As the session goes on and deadlines for hearings and votes come closer, the Legislature tends to focus on the big issues for the year. That’s when we hear about the tax increases, new projects or significant policy issues.
However, early in the session is when government watchdogs get to observe the true nature of our state lawmakers. Unfortunately, the view from this vantage point isn’t always pretty. This is when nanny-state proposals, unconstitutional overreach bills and social engineering schemes thrive. This is the time when trendy political fads and California-copycat bills get full committee hearings.
This year, the urge to regulate every element of our lives is a popular theme at the Legislature. There’s SB2453, which uses energy efficiency as an excuse to legislate the exact temperature of all state buildings, declaring that no one can set the air conditioning lower than 73 degrees.

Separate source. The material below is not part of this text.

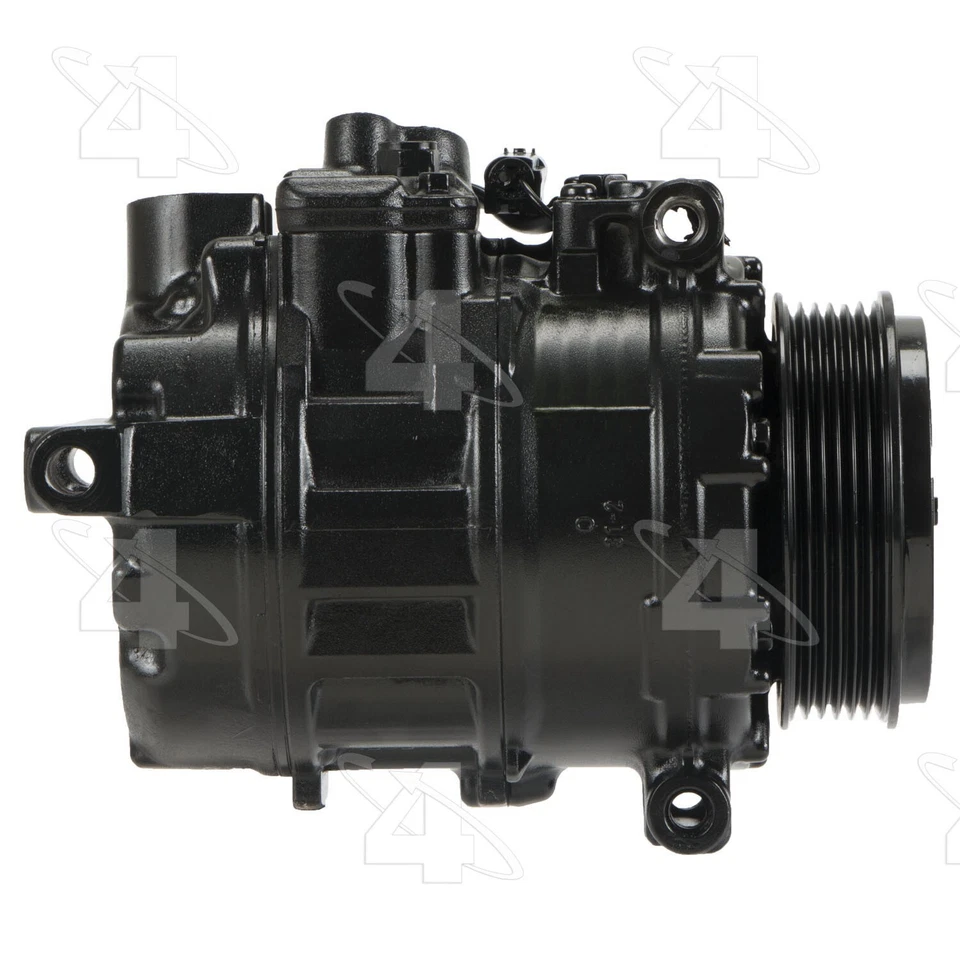 Compresor de aire acondicionado 4 estaciones para Mercedes-Benz SL65 AMG 2005-2006 Foto 4 de 4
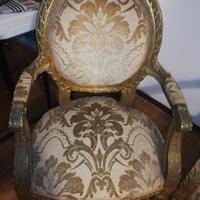 Salottino stile Luigi 16 in foglia oro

Yes, the power of the state legislative process is being used to settle thermostat disputes.
Then there’s SB2636 and companion bill HB2720, which use “gender equity” as the justification for imposing a quota of female directors on the board of any publicly held domestic or foreign corporation with a principal executive office located in Hawaii. The fine for noncompliance is $100,000 for the first offense and $500,000 for subsequent violations. I’ll let you be the judge of whether this law would be more likely to achieve gender equality or chase executive offices out of the state.
But no bill exemplifies the truly bizarre types of bills that we so often see at this time of year more than the original version of HB2540. Though it has now been transformed into an unspecified excise tax on cigarettes, the first version of HB2540 was basically an audacious attempt to ban cigarettes altogether.
The bill proposed increasing the age at which one could legally buy cigarettes and e-cigarettes to at least 30 years old in 2021, then to age 40 in 2022, 50 in 2023, 60 in 2024, and by 2025, 100 years old! The fine for breaking the law would have been $500.
The House Health Committee report on the new version of the bill simply states that an excise tax is a good way to deter smoking. It does not go into the absurdity of a bill that would have raised the age for purchasing cigarettes to 100 over a five-year period.
So why do these odd, overreaching or questionable bills matter if they don’t survive the hearing process?
Because this is the time when your legislators reveal what they really want. This is when we find out what they might choose to pass if they weren’t constrained by practical, political or constitutional limitations.
A legislator who chooses to sponsor heavy, nanny-state regulations is making an important statement about the role of government. The fact that the bill in question didn’t pass, or wasn’t intended to pass without amendment, shouldn’t matter when it comes to evaluating that statement.
It’s a relief to know that none of these bills will look the same if they ever get to the governor’s desk, but it’s still important to know how they began.
If we want to see real change in Hawaii, we should pay attention to what our lawmakers want when they initially submit their bills. When the first hearings of the year are full of big-government proposals, it’s a sign that we’re heading in the wrong direction.